Transmission matrices and lumped parameter models for continuous systems

The use of transmission matrices and lumped parameter models for describing continuous systems is the subject of this study. Non-uniform continuous systems which play important roles in practical vibration problems, e.g., torsional oscillations in bars, transverse bending vibrations of beams, etc., are of primary importance.

A new approach for deriving closed form transmission matrices is applied to several classes of non-uniform continuous segments of one dimensional and beam systems. A power series expansion method is presented for determining approximate transmission matrices of any order for segments of non-uniform systems whose solutions cannot be found in closed form. This direct series method is shown to give results comparable to those of the improved lumped parameter models for one dimensional systems.

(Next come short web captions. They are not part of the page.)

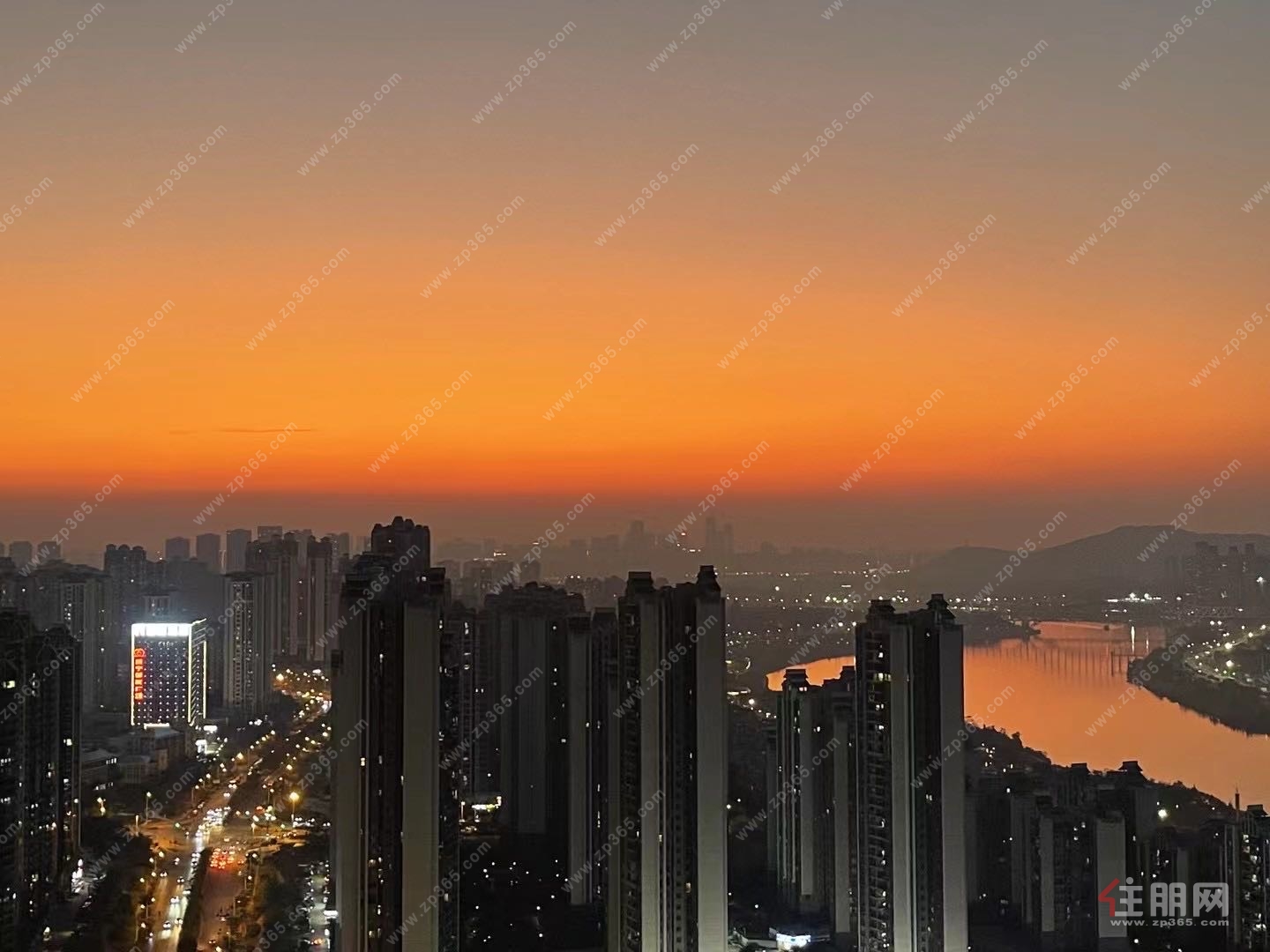 银泉一品天誉·39楼云端大宅,俯瞰邕江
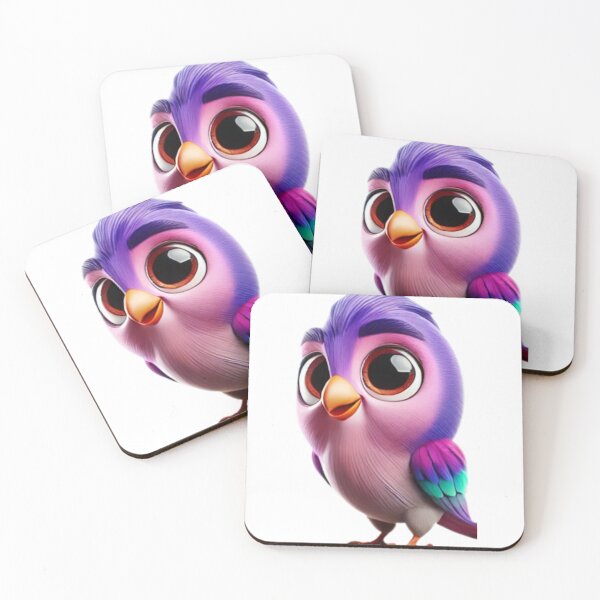 Item preview, Adorable Purple Finch Wings designed and sold by Sillytoe.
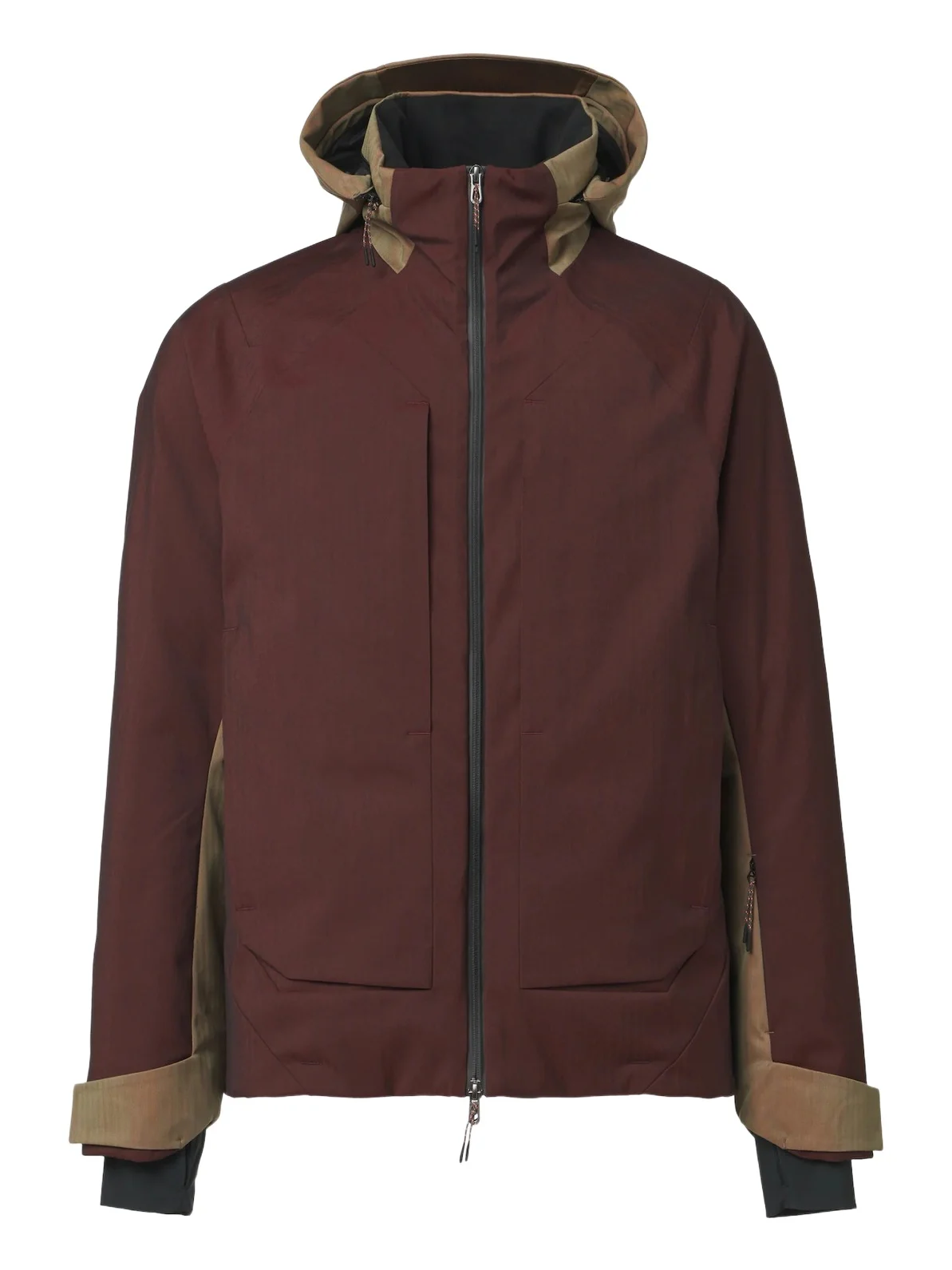 Sease Trace 2.0 wool-blend down ski jacket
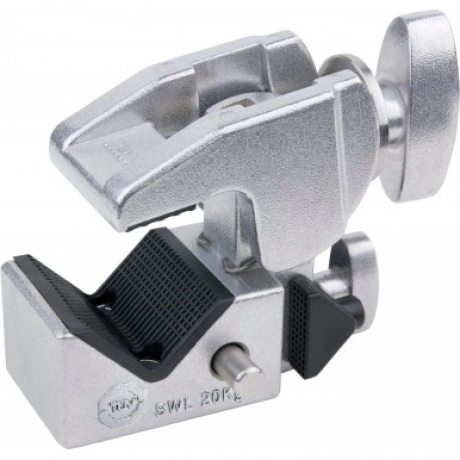 Зажим KUPO KCP-700 SUPER CONVI CLAMP SILVER W/ KCP-7SDL SADDLE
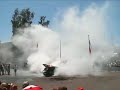 GTI Treffen 2007 GUMMI Gummi Burnout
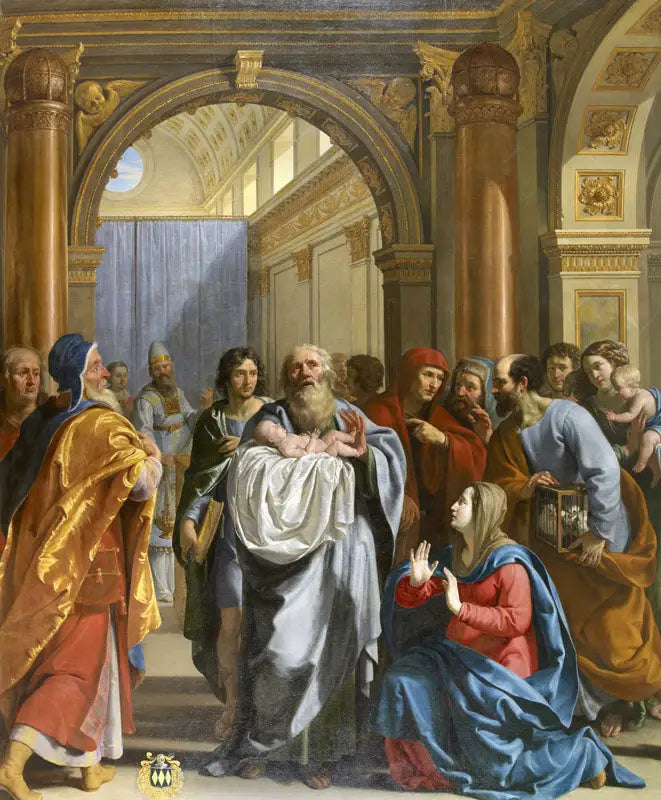 Tempelets Presentasjon - Philippe de Champaigne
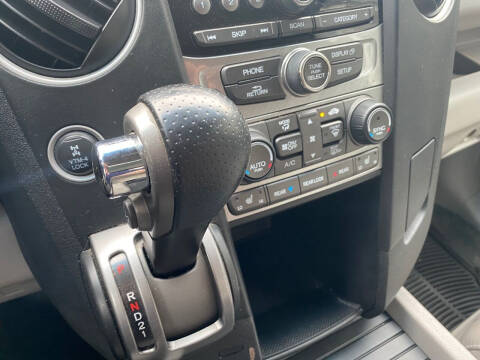 2012 Honda Pilot EX-L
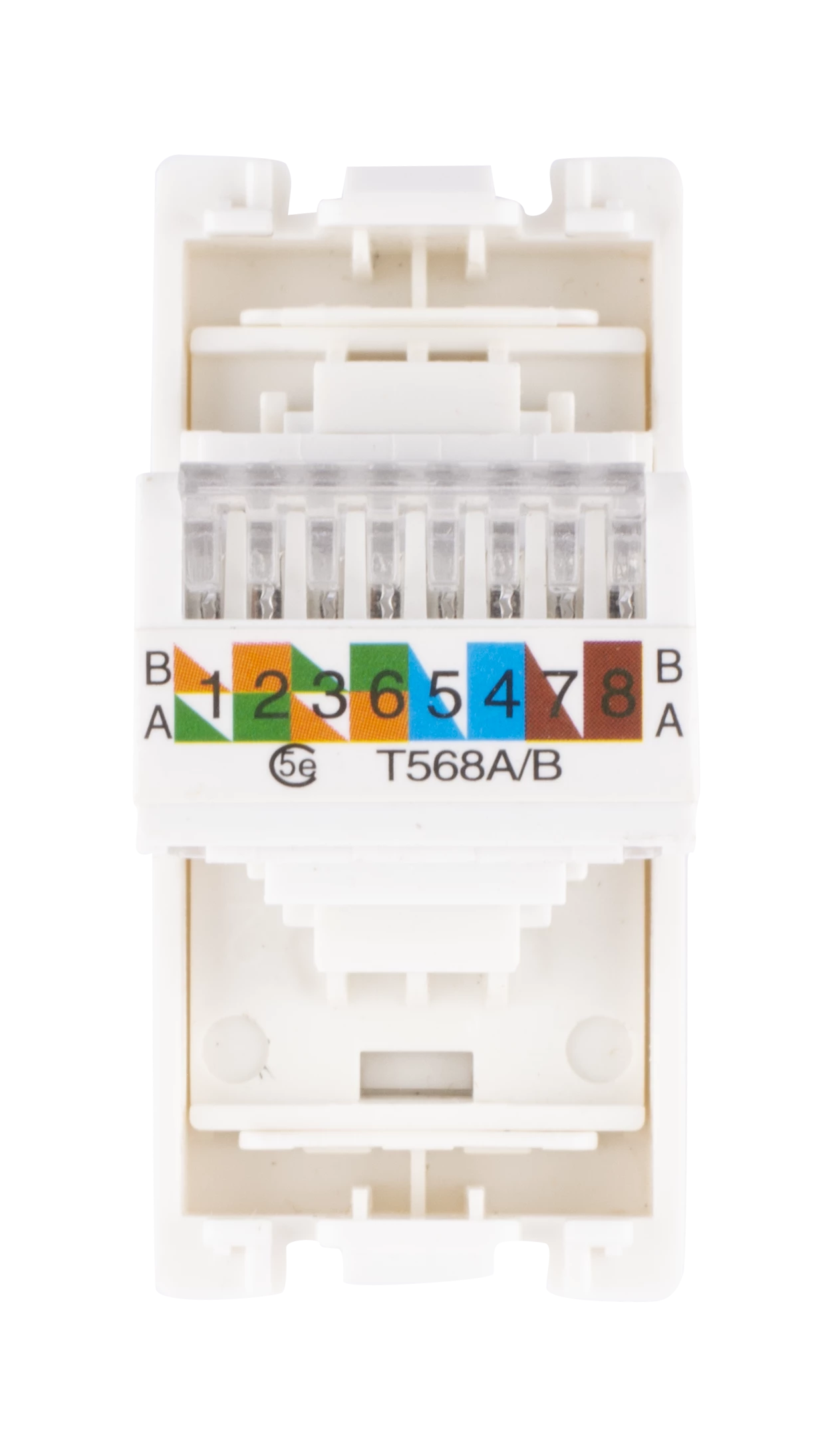 Telephone-socket-8P-with-shutter-white-CRV-60232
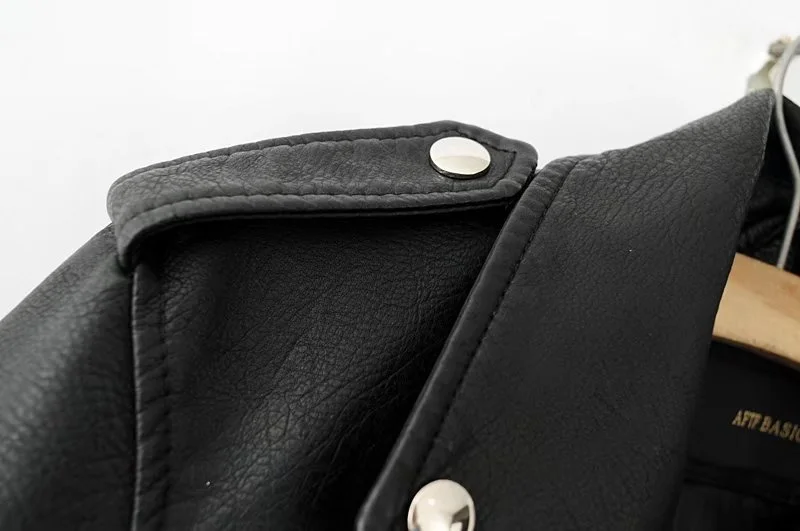 2025 Fashion Women's Short Leather Jacket Small Coat Spring Autumn Slim Moto-biker Outerwear Lady Zip-up PU Leather Coats Korean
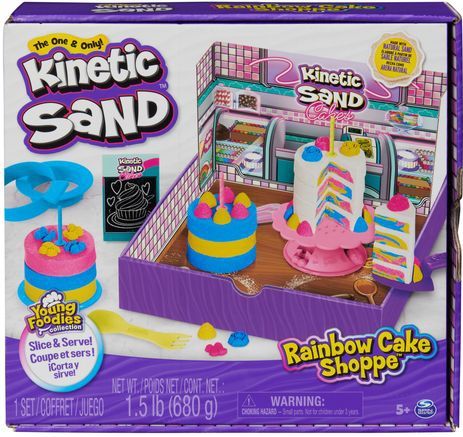Kinetic Sand KNS ACK Rainbow Cake Shoppe MX TRGX GML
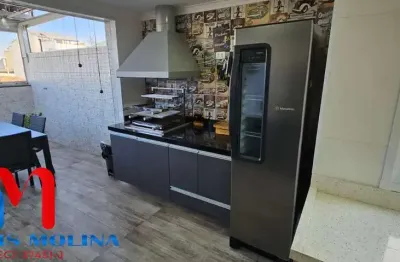 Cobertura para venda em vila metalúrgica de 107.00m² com 2 quartos e 2 garagens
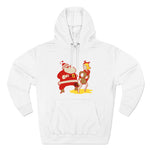 I Saw Mommy Pissing On Santa Claus - Hoodie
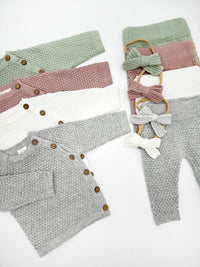 Noah Knitted Set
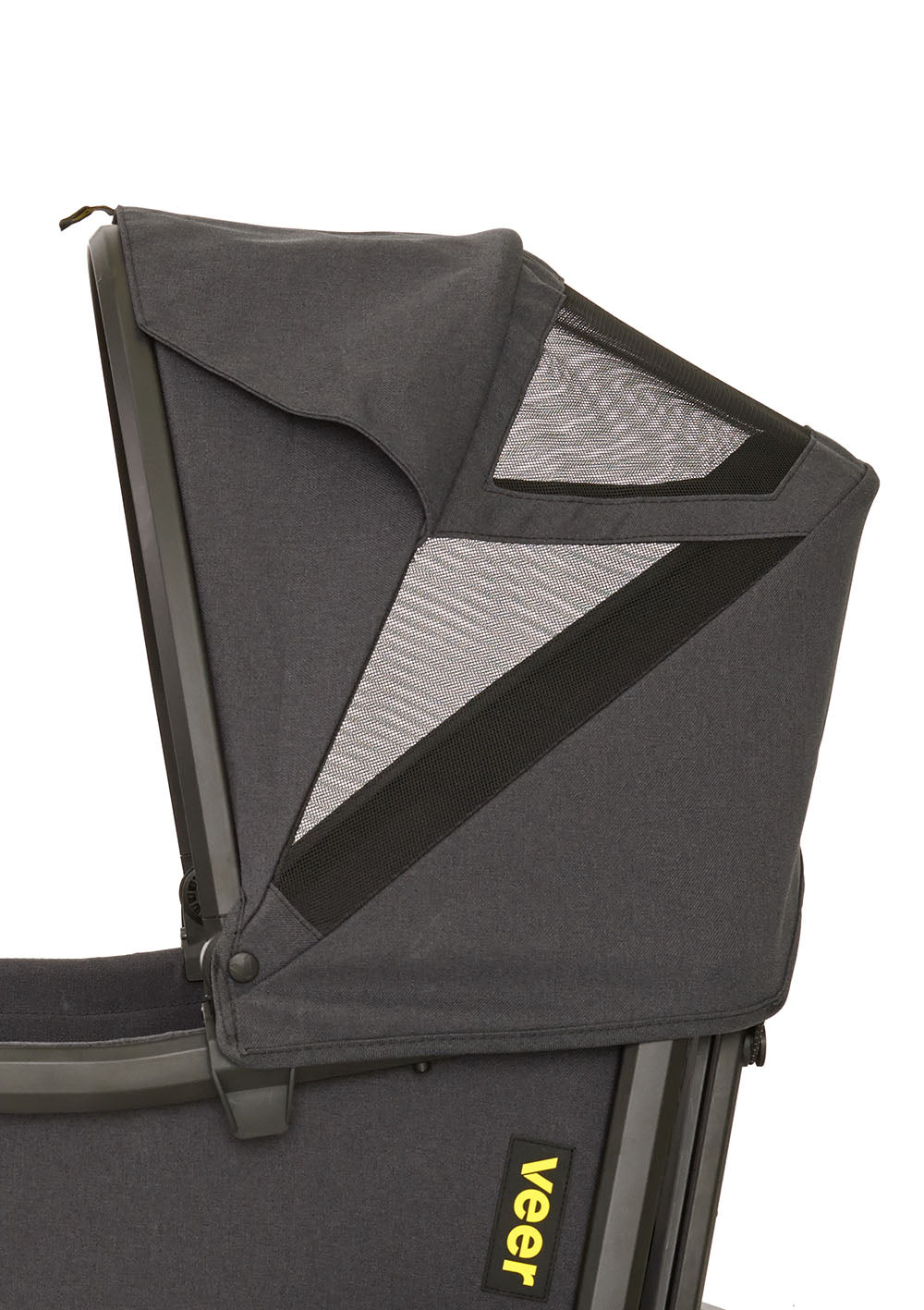 VEER Sonnendach dunkelgrau / schwarz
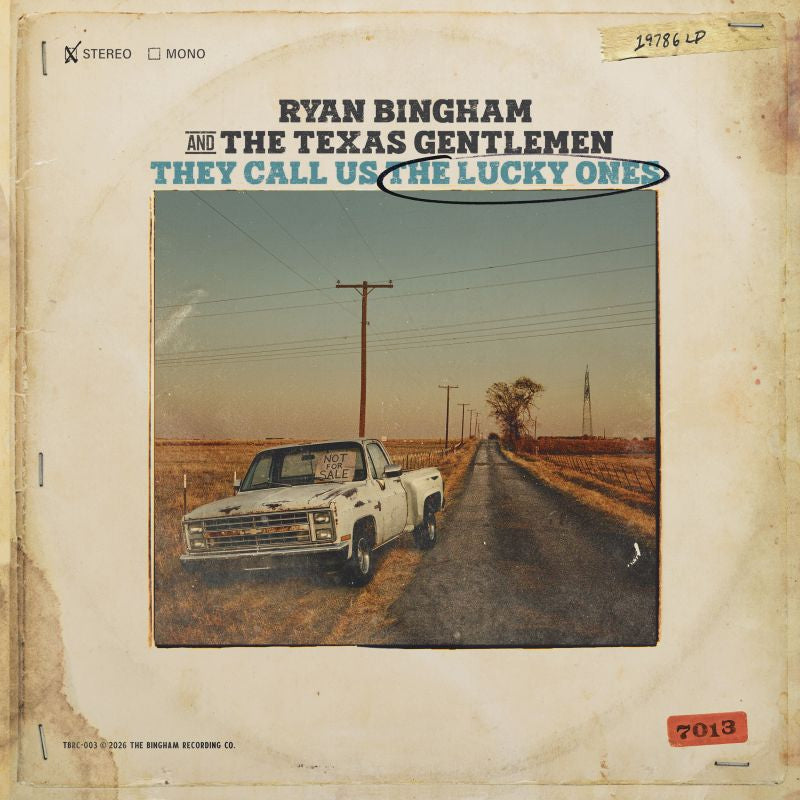 Ryan Bingham - They Call Us The Lucky Ones (LP)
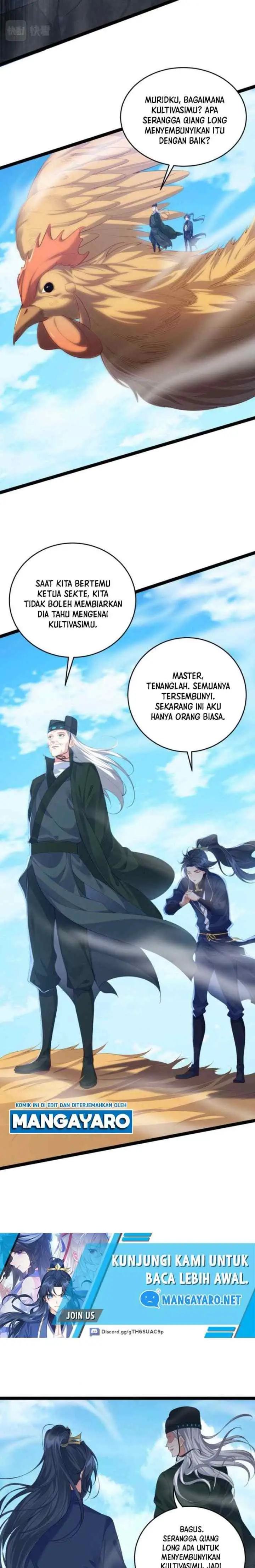 Immortal World's First Undercover Agent chapter 2 halaman 7
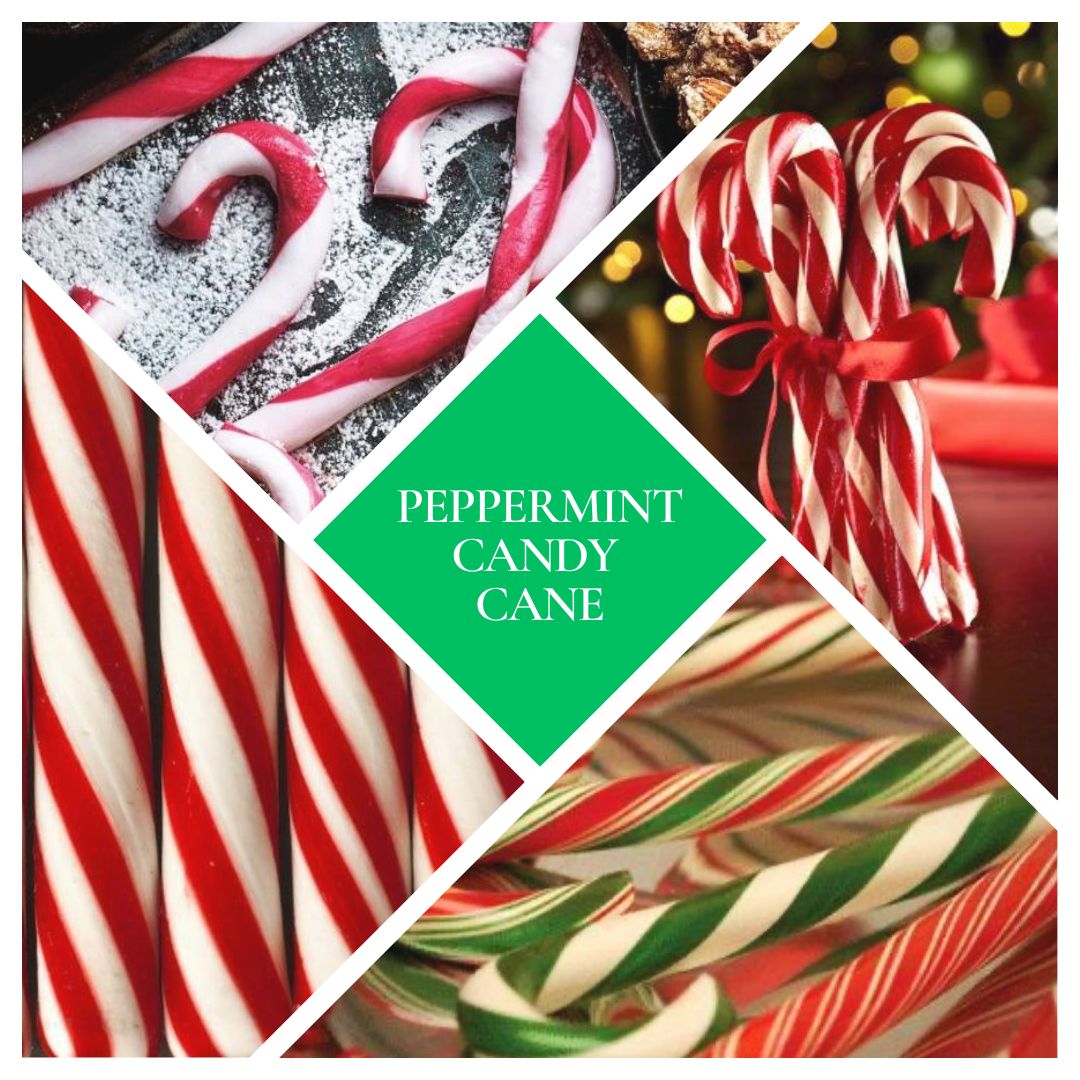 Peppermint Candy Cane Reed Diffuser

Four types of lumped parameter models are evaluated on the basis of the uniform continuous one dimensional system by comparing the behavior of the frequency root errors. The lumped parameter models which are based upon a close fit to the low frequency approximation of the exact transmission matrix, at the segment level, are shown to be superior. On this basis an improved lumped parameter model is recommended for approximating non-uniform segments. This new model is compared to a uniform segment approximation and error curves are presented for systems whose areas very quadratically and linearly. The effect of varying segment lengths is investigated for one dimensional systems and results indicate very little improvement in comparison to the use of equal length segments. For purposes of completeness, a brief summary of various lumped parameter models and other techniques which have previously been used to approximate the uniform Bernoulli-Euler beam is a given.